The WCW production team was led to believe both would be fired, as they were told to edit them out of the show opens. A lot of television was already taped with both guys prominently featured. Arn was out 1-2 months recovering, and the booking plans changed entirely. WCW removed Sid from the planned match with Vader at Starrcade, at first attempting to replace him with an outside name, but when that fell apart, they went with Flair. The Flair-Vader match was one of the most memorable moments in that time period, while Sid was later fired and returned to WWE as “Psycho Sid.” Sid came back to WCW years later, at which time Arn was there and there were never any further problems between the two.

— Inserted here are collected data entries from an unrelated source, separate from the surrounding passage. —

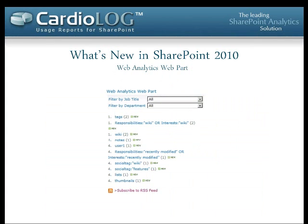I'll go through some examples of those features I've just talked about. The first one is the web analytics web part, which is new for SharePoint 2010. SharePoint 2010 provides two metrics with this web part: the top search phrases and the top pages or content. In this instance, you can see the top search phrases. Users can also filter these by job title and department. This is hard-coded — there's no way to customize this web part.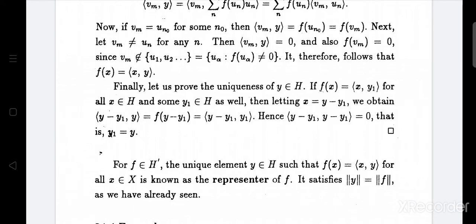Now let vm not equal to uₙ for any n. Then ⟨vm, y⟩ equals 0 and also f(vm) equals 0. That is, ⟨vm, y⟩ equals f(vm). So whether vm equals some uₙ₀ or vm does not equal any uₙ, we have ⟨vm, y⟩ equals f(vm).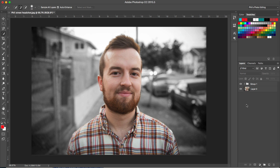Hey, this is Phil, and look at that picture of me. I am going to be showing you in this tutorial how to create an image like this — take a headshot, a portrait of a person, and remove them from the background and make the background black and white. This is from a question from one of my students and followers, Jeremy. So thank you so much, Jeremy, for the question.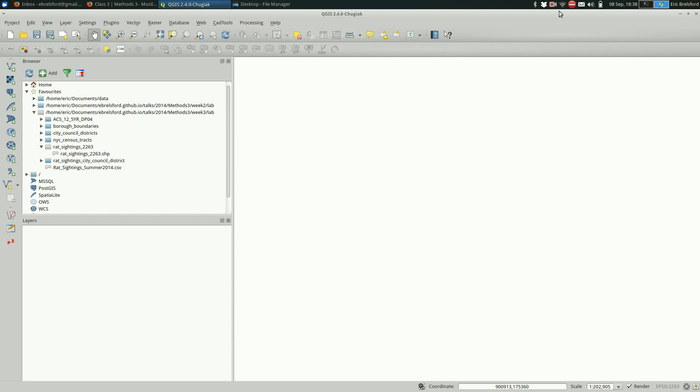Hey, this is Eric. I'm going to go over selecting features and looking at the attribute table in QGIS. This video assumes that you have QGIS installed on your computer and you know how to find data for it. I'm not going to be able to cover that in this video, so if you need that please stop now and go find that somehow some other way.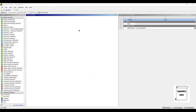Hello everyone, welcome to the next session of ANSYS Workbench Tutorials. In this session, we are going to analyze a helical coil compression spring for modal analysis and then we will see the harmonic response of that spring.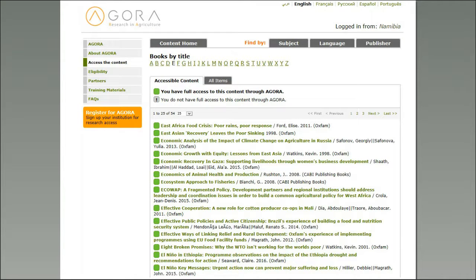The last feature to mention on the content portal is the book section. Not everyone knows there are about 22,000 electronic books available. These are full textbooks you can download chapter by chapter, and there's useful content especially if you're interested in social sciences, economics, or cross-cutting issues like climate change.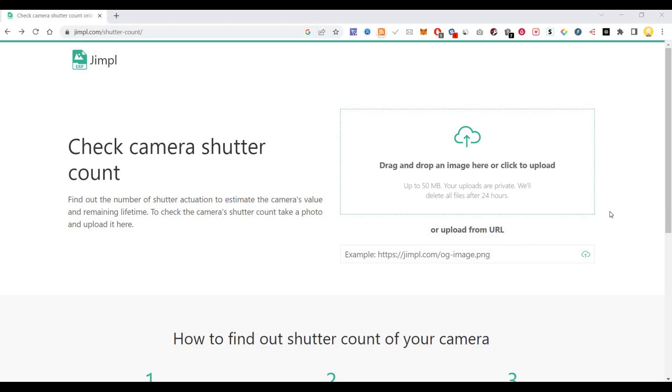It is used for checking the shutter count of your camera. So if you're buying a new camera and you want to check the shutter count of that camera, that means how many times photos were clicked using that camera, mostly for DSLR and SLR.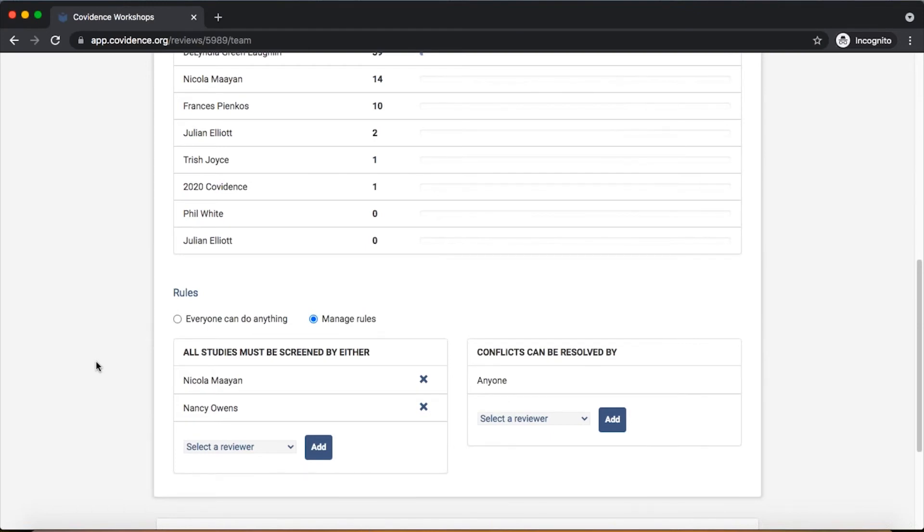All members of the team will still be able to see the conflict resolution list when two members of the team have voted in conflict on specific references. They'll be visible to everyone on that list, but only the people who have been designated here will actually have voting buttons in order to be able to cast the third tie-breaking vote that will move that reference forward.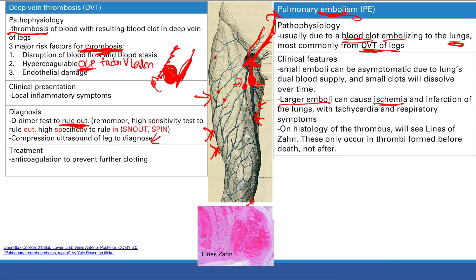On histology, you'll see lines of Zahn - those pink lines visible in the histology image. These lines only form in thrombi that develop before death. When someone dies, blood stasis causes all the blood to clot. So if you suspect a patient died from a pulmonary embolism and all blood is clotted, you look at histology: if you see lines of Zahn, you know the clot occurred before death, not after.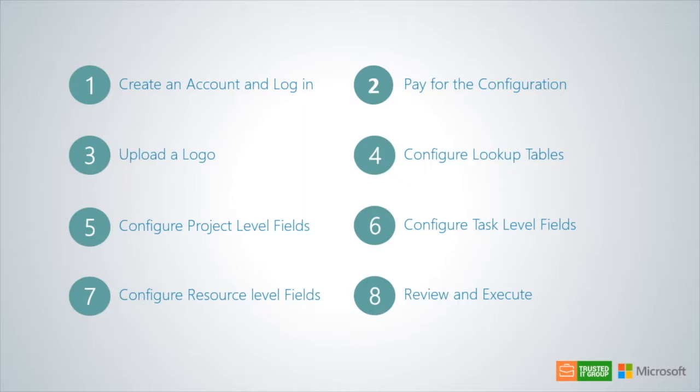Please note, steps 3 through 7 are not mandatory. You may choose to skip specific steps if those configurations are not relevant to your use case. In our previous tutorials, we have completed creating an account and paying for the configuration.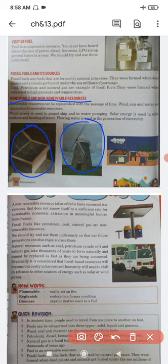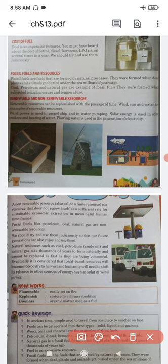A non-renewable resource is a resource that does not renew itself at a sufficient rate for sustainable economic extraction within meaningful human time frames. Non-renewable resources are finite — the amount is fixed. If you use more, it will slowly be finished. It takes millions of years to form even a small amount. Examples include fossil fuels like petroleum, coal, and natural gas.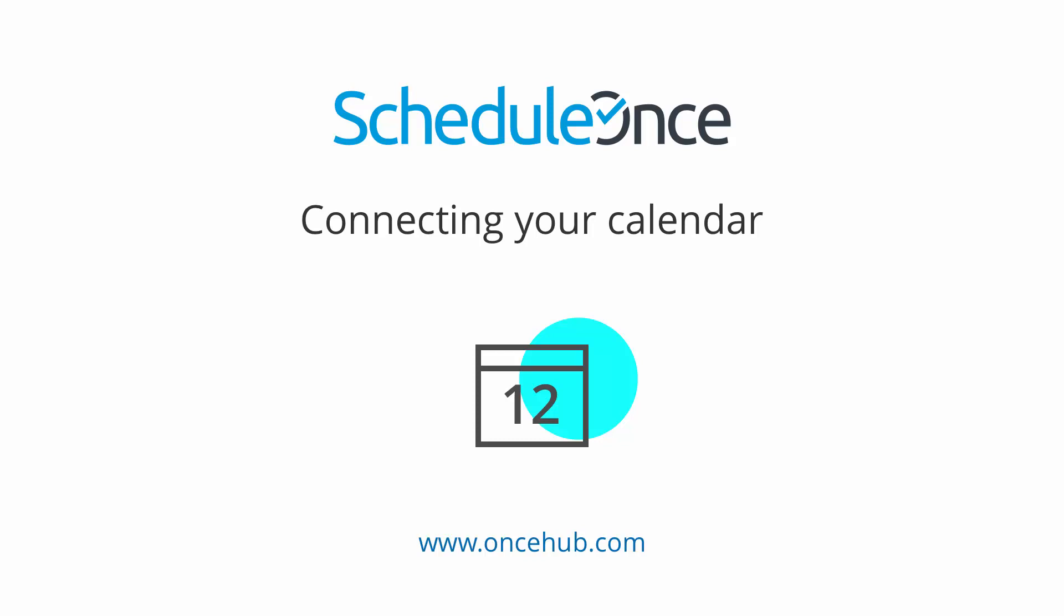In this video, we are going to walk through connecting your personal calendar to your OnceHub account.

At the next house show, everyone was still exhausted and shocked over what happened. Vader said there was a meeting at the venue, and word was “Turner” (meaning upper management at TBS, likely not Ted Turner himself) was thinking of shutting down the tour and bringing everyone home. Vader suspected some of that was a work to scare the boys, and Dusty asked him to speak to everyone at the meeting, which he did. Vader was world champion at the time and something of a locker room leader.

The whole incident was a black eye to the wrestling industry, which was in the doldrums at the time, even worse than it is now. Both men were clearly in the wrong, and it was an example of how out of hand things can get when guys get intoxicated and no one is there to break it up. Arn is a very tough man, but Sid is enormous, and weapons were involved. The unsung hero in all this is Too Cold Scorpio, who broke up the fight and saved Arn Anderson’s life. Had it not been for Scorpio, it’s scary to think what may have happened. Arn could be dead, Sid could be in jail, and WCW would’ve likely been shut down by Turner in light of the negative publicity it would’ve surely received.